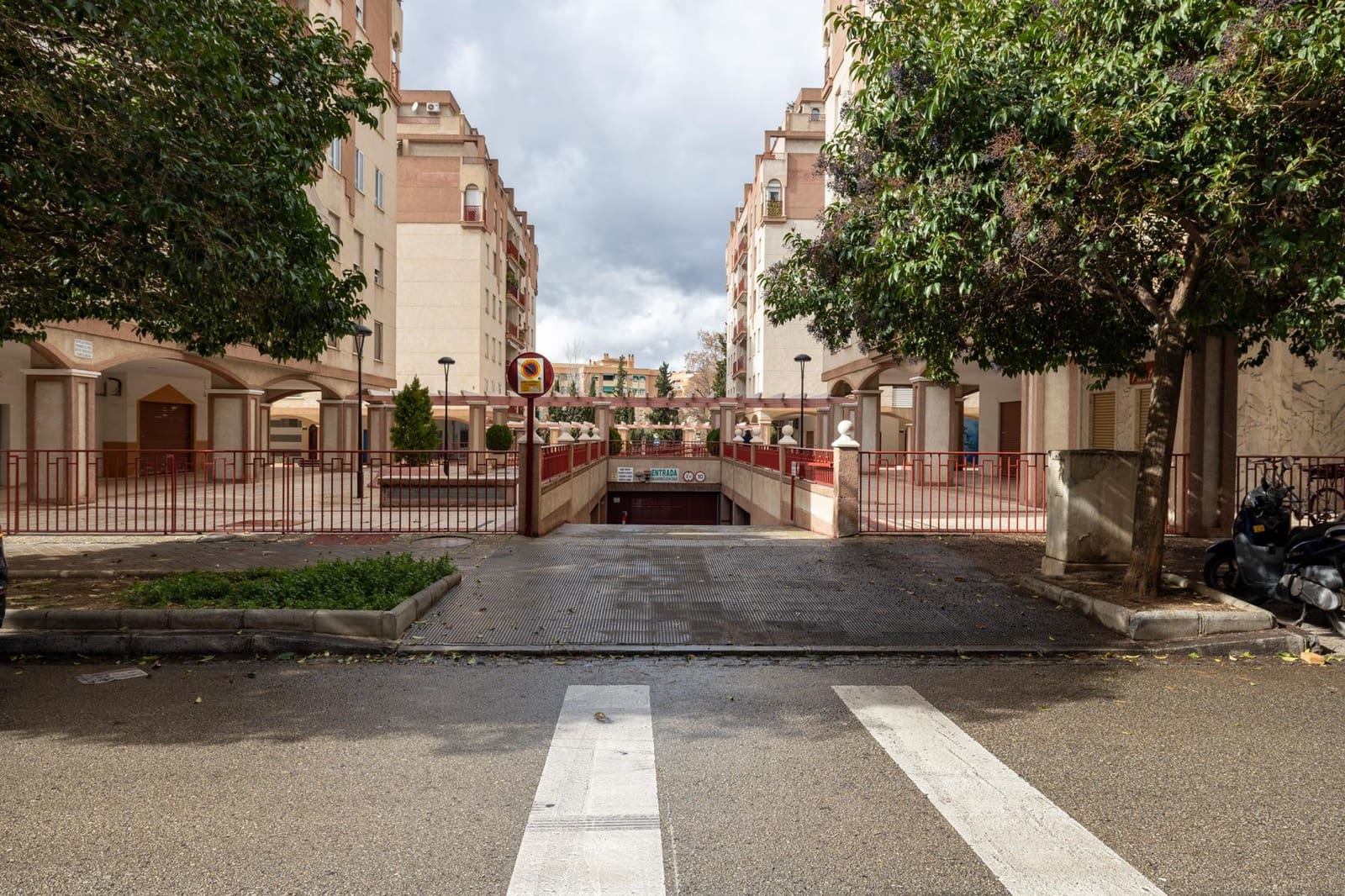 4 quarto Apartamento para venda em Granada cidade com garagem - 319 000 € (Ref: 9491647)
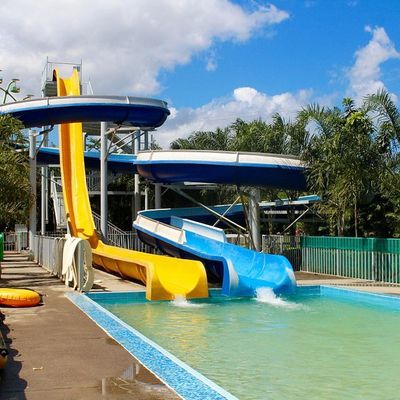 ราคาดี High Speed Racing Fiberglass Water Park Slide with 6-8mm Thickness and Over 10 Years Service Life ออนไลน์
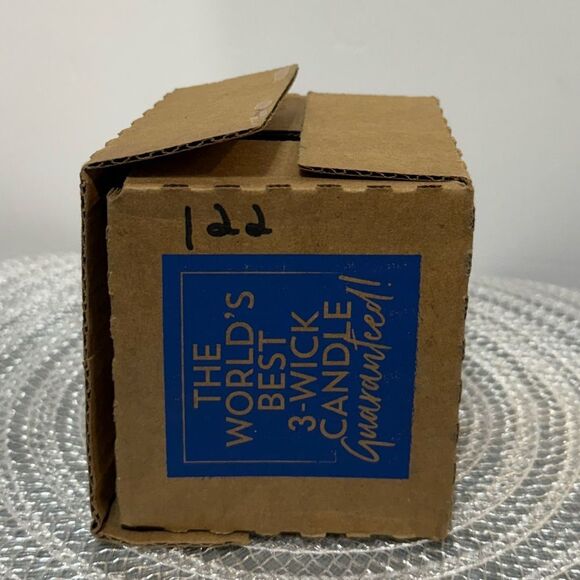 BBW Vampire Blood 3 Wick Scented Candle NWT - Picture 4 of 4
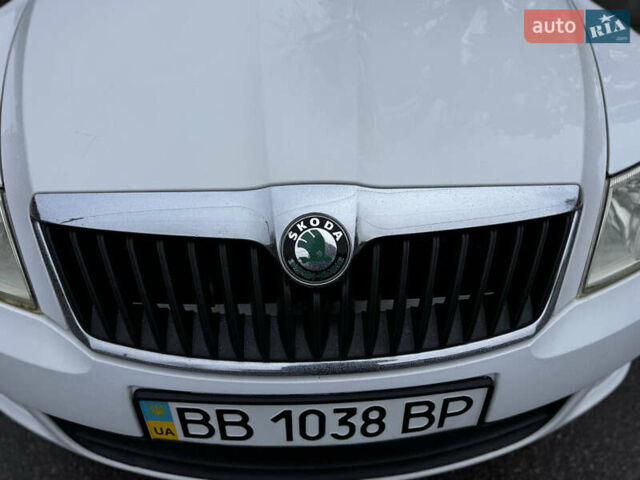 Белый Шкода Октавия, объемом двигателя 1.8 л и пробегом 37 тыс. км за 10900 $, фото 19 на Automoto.ua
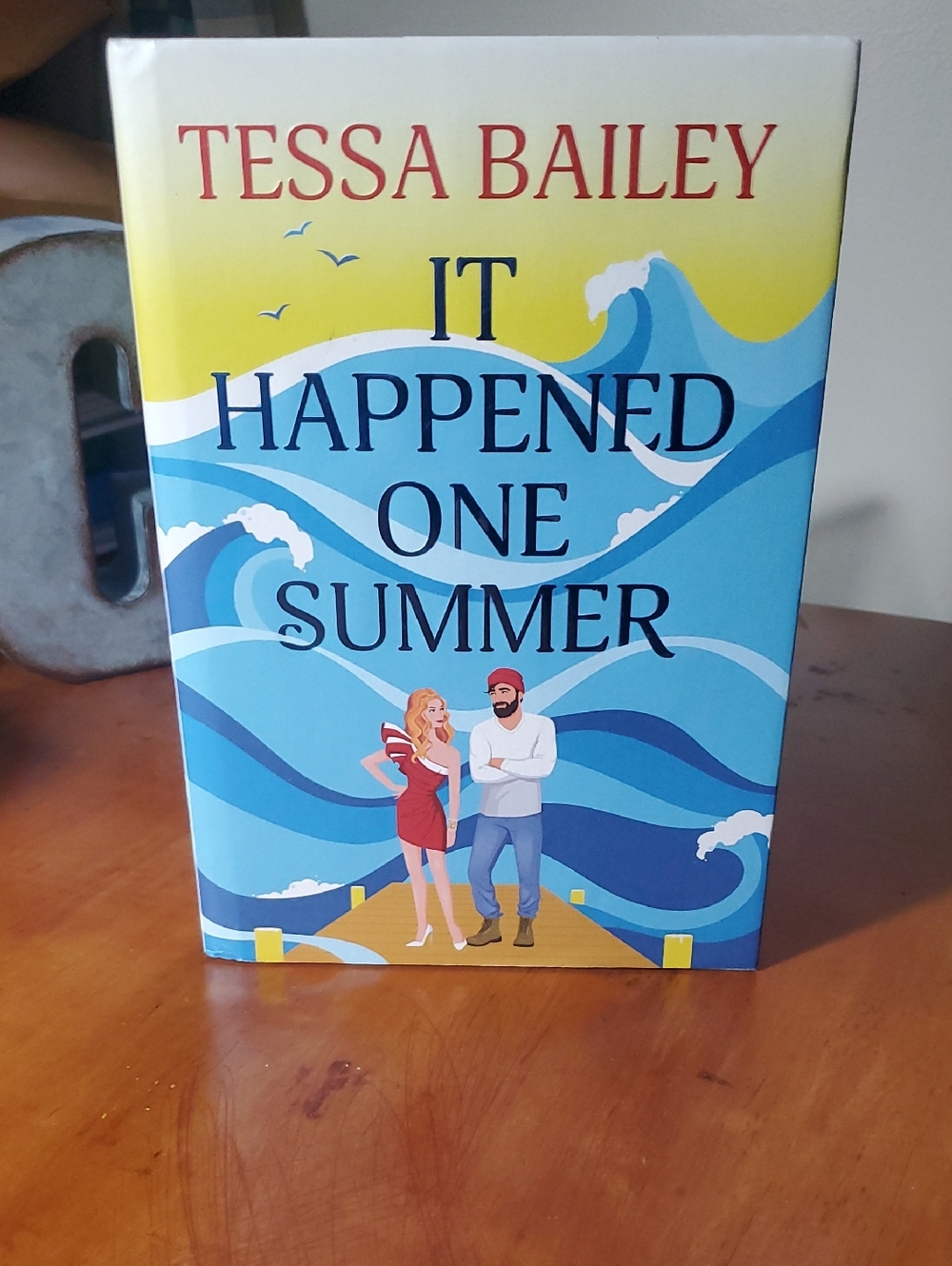 Tessa Bailey "It Happened One Summer" - Blue & Yellow Paperback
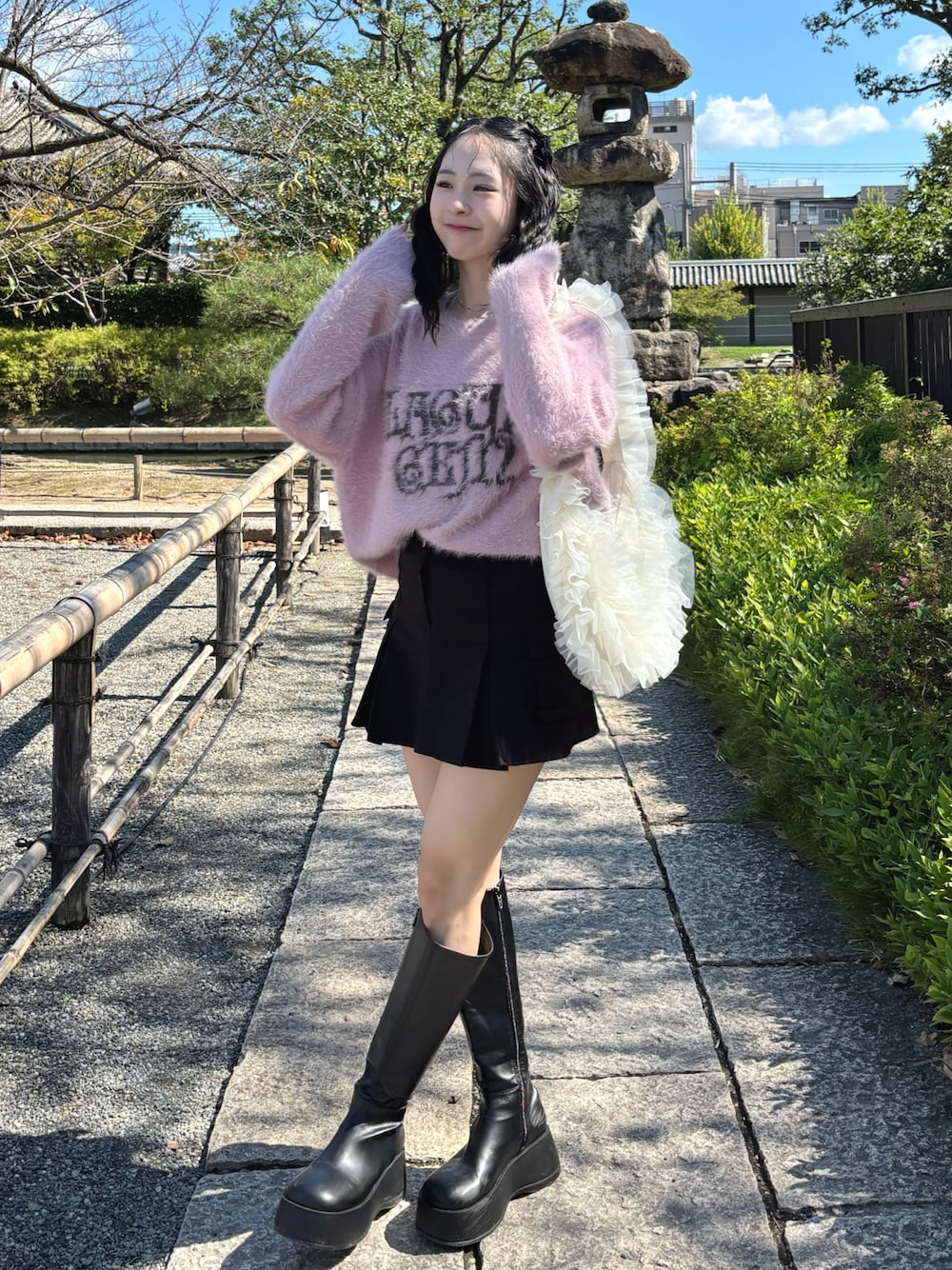 「秋っぽコーデ更新中、秋コーデ、ピンク、ニット、シャギーニット、スカート、ブーツ、厚底シューズ、ロングブーツ、デートコーデ、ショルダーバッグ、ハロウィン、ミニスカート、お出かけコーデ、韓国ファッション」｜「LAGUA GEMの【追加生産】SWIRL LOGO SHAGGY ニット（ニット/セーター、ピンク系）」を使った、りなてぃさん（骨格ストレート・レディース・150cm）の秋コーディネートの1枚目の写真
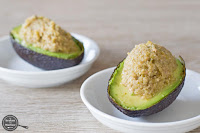 Avocado gevuld met Tapenade van groene olijven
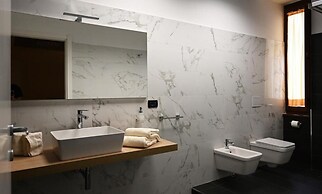 Palace Eight Suites & Spa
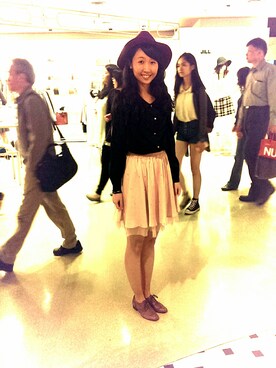 「index（インデックス）のアイテム（ハット）」を使った、張蘋さん（レディース・160cm）の秋コーディネート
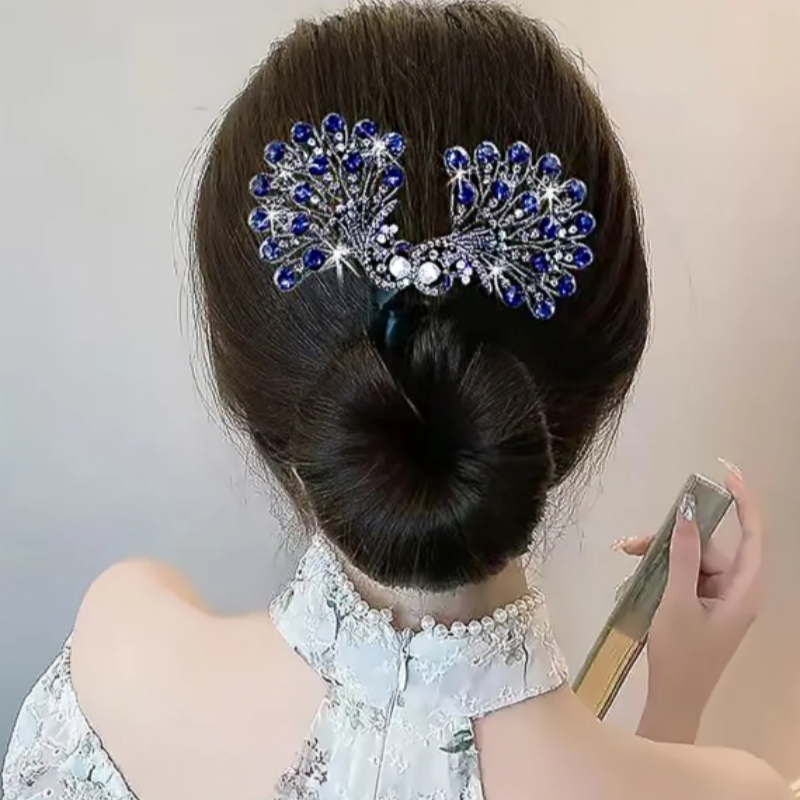 Elegante Vintage Pfau Haarspange aus Metall, reich verziert, idealer Haarschmuck für besondere Anlässe.
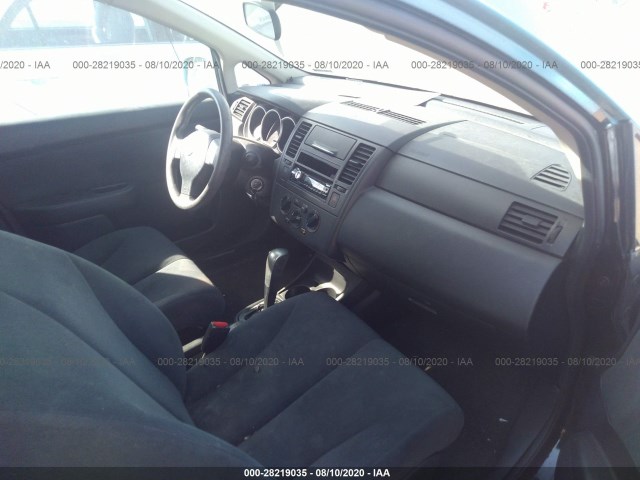 Photo 4 VIN: 3N1CC1AP1AL448891 - NISSAN VERSA 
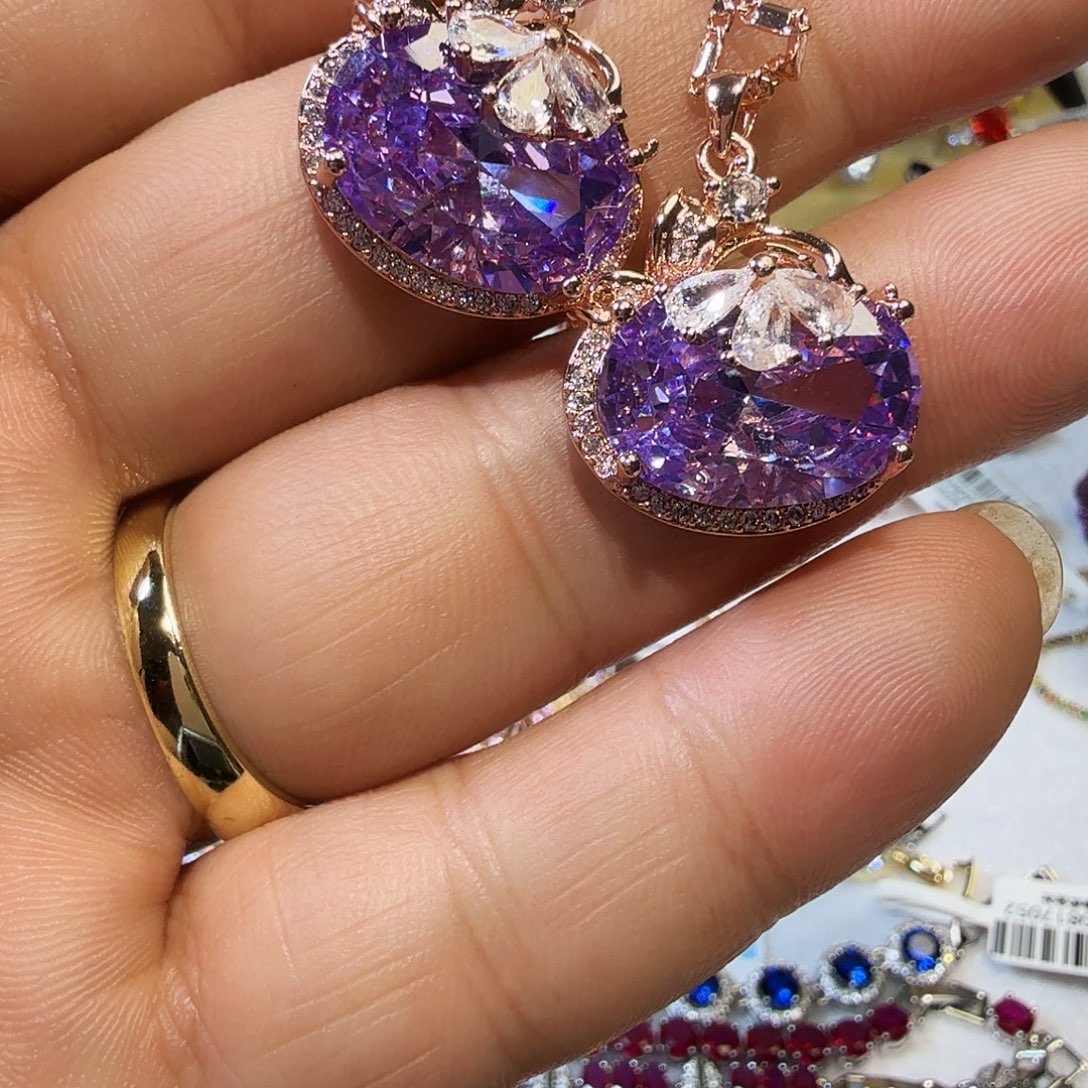 8克拉碧玺（处理）吊坠的设计非常别致8克拉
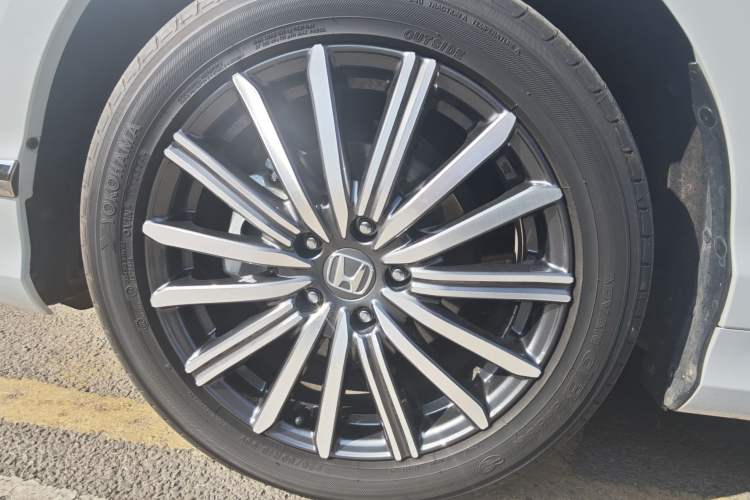 Used Honda Elysion 2024 2.0L eHEV Luxury Edition Exterior 8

◇ ◇ ◇ ◇

### TASK
Output the data exactly as it appears. The pictures do not belong in it.

### ANSWER BELOW
 4 quarto Apartamento para venda em Granada cidade com garagem - 319 000 € (Ref: 9491647)
 ราคาดี High Speed Racing Fiberglass Water Park Slide with 6-8mm Thickness and Over 10 Years Service Life ออนไลน์
 BBW Vampire Blood 3 Wick Scented Candle NWT - Picture 4 of 4
 Белый Шкода Октавия, объемом двигателя 1.8 л и пробегом 37 тыс. км за 10900 $, фото 19 на Automoto.ua
 Tessa Bailey "It Happened One Summer" - Blue & Yellow Paperback
 「秋っぽコーデ更新中、秋コーデ、ピンク、ニット、シャギーニット、スカート、ブーツ、厚底シューズ、ロングブーツ、デートコーデ、ショルダーバッグ、ハロウィン、ミニスカート、お出かけコーデ、韓国ファッション」｜「LAGUA GEMの【追加生産】SWIRL LOGO SHAGGY ニット（ニット/セーター、ピンク系）」を使った、りなてぃさん（骨格ストレート・レディース・150cm）の秋コーディネートの1枚目の写真
 Avocado gevuld met Tapenade van groene olijven
 Palace Eight Suites & Spa
 「index（インデックス）のアイテム（ハット）」を使った、張蘋さん（レディース・160cm）の秋コーディネート
 Elegante Vintage Pfau Haarspange aus Metall, reich verziert, idealer Haarschmuck für besondere Anlässe.
 Photo 4 VIN: 3N1CC1AP1AL448891 - NISSAN VERSA 
 8克拉碧玺（处理）吊坠的设计非常别致8克拉
 Used Honda Elysion 2024 2.0L eHEV Luxury Edition Exterior 8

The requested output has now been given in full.